Watson Declared Sane, Must Stand Trial
Friday, February 5th, 1971
LEFT TO RIGHT: Brenda McCann, Attorney Paul Fitzgerald and Sandra Good preparing for court Tuesday.
LOS ANGELES, Feb. 5 – Charles “Tex” Watson, the man the state claims is hippie leader Charles Manson’s “head zombie” and the chief executioner of the Tate-LaBianca murder victims, has been declared sane and will be “returned immediately to Los Angeles to stand trial, announced Thursday.
As Watson’s name and activities while a member “of Manson’s “family” were being discussed on the eighth floor of the Hall of Justice in the penalty phase of the Tate-LaBianca trial, Dist. Atty. Joseph. Busch Jr. called a hurried press conference on the sixth floor to announce Watson’s condition.
The 26-year-old Texan was indicted with Manson and four of his girl followers in December 1969 but successfully fought extradition from his native Texas for 10 months. He returned to Los Angeles on Sept. 11, and on Oct. 39 was adjudged insane and committed to Atascadero State Hospital.
In the month and a half he was in Los Angeles, he had lost almost 50 pounds “and doctors feared he might die before reaching the state institution.
Busch told newsmen that “Watson would probably be arraigned “in a few days” and was being brought to Los Angeles “immediately.” The trial, he said would take place “as soon as possible.”
Meanwhile, Watson’s name continued to crop up at the trial as the third loyal “family” member continued today to testify about the group’s activities before the murders.
The trial opened dramatically today with a hearing on two motions by Manson’s attorney, Irving Kanarek, which so ired Los Angeles Superior Court Judge Charles Older that he called the counsel’s action “reprehensible.”
Kanarek’s motions included one claiming that a woman juror, Evelyn Hines, was so shaken by, the responsibilities that she had “taken to drink” and was therefore unable to adequately serve on the panel.
County Counsel Lee Barker contended that affidavits of bailiffs said that no juror had been allowed to drink liquor any day until dinner time, and then some had one or perhaps two drinks.
Kanarek attempted to introduce a film which appeared on television quoting the woman’s husband as saying his wife would, in effect, not have an “independent” vote because of her condition.
Judge Older, obviously angered, said the motion was “filed maliciously in an attempt to injure this woman’s name.” He contended there was “not the slightest evidence to support this action” and claimed Kanarek’s action was “reprehensible.”
Earlier, Kanarek had charged the judge perhaps had a “vendetta” against him or disliked him or his client in denying his request to show the film.
Kanarek’s second motion was denied without comment by Judge Older. In it he claimed the jury was being prejudiced by a “police state atmosphere” which he said surrounds the Hall of Justice.
Thursday, Sandra Good, the daughter of a San Diego stockbroker and considered the “aristocrat” of the Manson clan, startled the courtroom when she admitted, under questioning, that she had “dated” a prosecutor in the case, Dep. Dist. Atty. Steven Kay.

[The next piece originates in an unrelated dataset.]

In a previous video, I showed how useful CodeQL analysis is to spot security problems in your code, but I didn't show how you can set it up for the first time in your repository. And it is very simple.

The blue-eyed blonde, testifying in an attempt to save Manson and his three girls – Patricia Krenwinkel, Susan Atkins and Leslie Van Houten – from the gas chamber, at first hesitated in admitting she knew the handsome young attorney. Finally she said: “He was a good friend of my mother’s…she set me up with a blind date with him when I was very little.”
The girl did not elaborate because of objections from chief prosecutor Vincent Bugliosi.

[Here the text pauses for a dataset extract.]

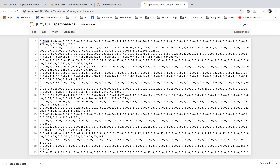The dataset has many features with comma-separated values, and finally it indicates whether the email is spam or not. The last column says whether it's spam or not.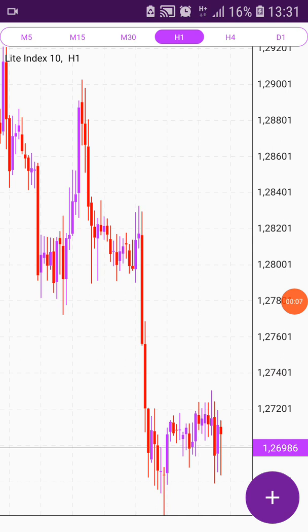Hi guys, how are you? I'm making a video explaining how you can create your own trading platform. It actually depends on what you want to do.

However, the girl later told newsmen that she was “about 14” when the date was set up with Kay, a year her senior, and they went to a “pancake house.”
Kay, who squirmed nervously in his seat at the counsel table during the questioning, later smilingly admitted to newsmen that it was true.

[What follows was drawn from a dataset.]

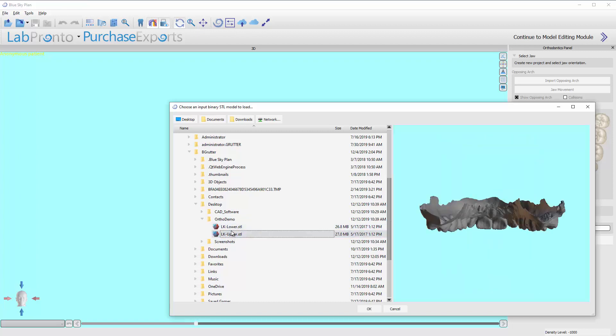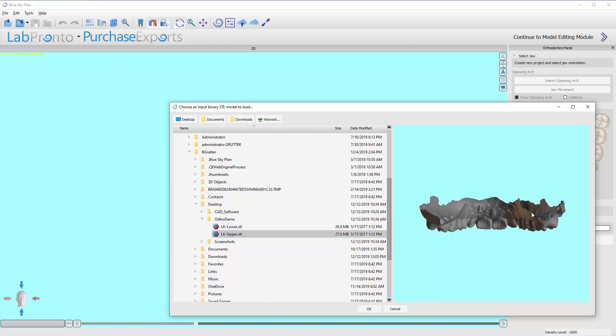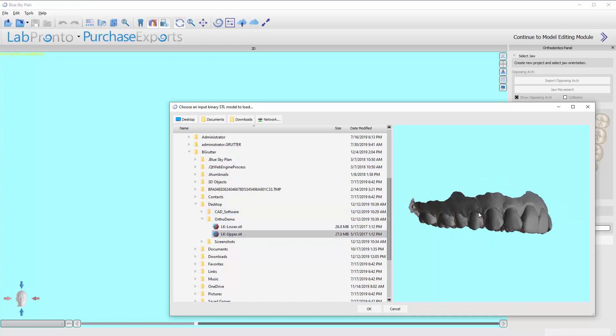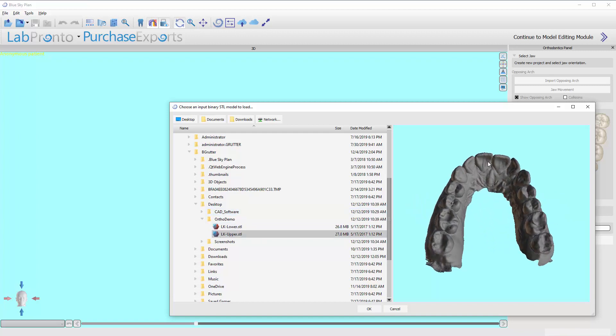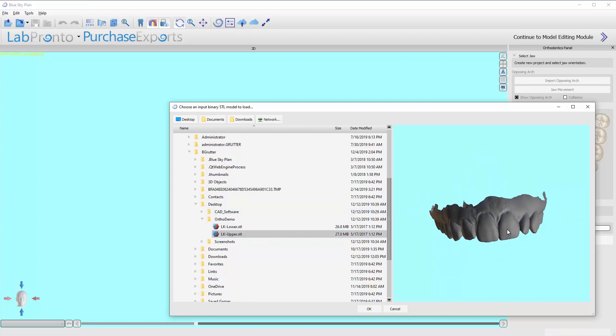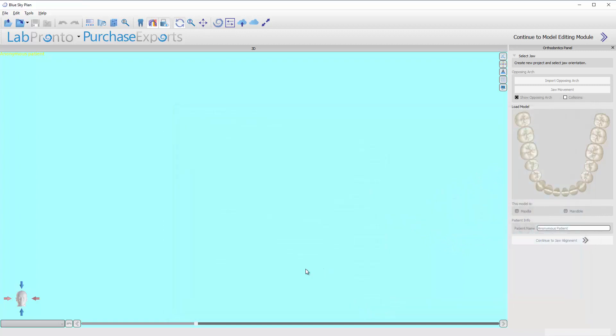You can pick whichever one you want, upper or lower, and you can even use this viewing window over here to confirm this is the model you met. Okay, click on OK, and it's going to ask us is this the maxilla or the mandible. We want to make sure we select what's appropriate of course.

Earlier, the girl testified that when she first joined the “family” at the Spahn Ranch, she had “a lot of money.”
“I had a bank account in Minnesota and stocks. I withdrew the money in my account and sold my stock and gave it to Charlie…and some to Brenda…and George (Spahn, owner of the ranch) needed $800 to pay a hay bill…and Charlie gave some to a hitchhiker and some to the Fountain of the World (a religious order with headquarters mar the ranch). I gave a couple of thousand to Tex to buy a dune buggy and we bought tapestries and stuff,” she said.
The bank account amounted to $6,000 and the stocks brought another $5,000, she said.
“Whatever money we had, we went through immediately. Whoever needed it, we’d give it to them.”
The girl, wearing an “X” carved into, her forehead, said that it was difficult at first to give away the money and her other possessions because, she said, she had been taught to “worry about security.”
She forgot about security and other inhibitions soon after coming to the ranch.
“I didn’t want to have babies until I came to the family,” she said, “because women nowadays don’t want to have babies, they want to have jobs. But babies are the only hope for this world.”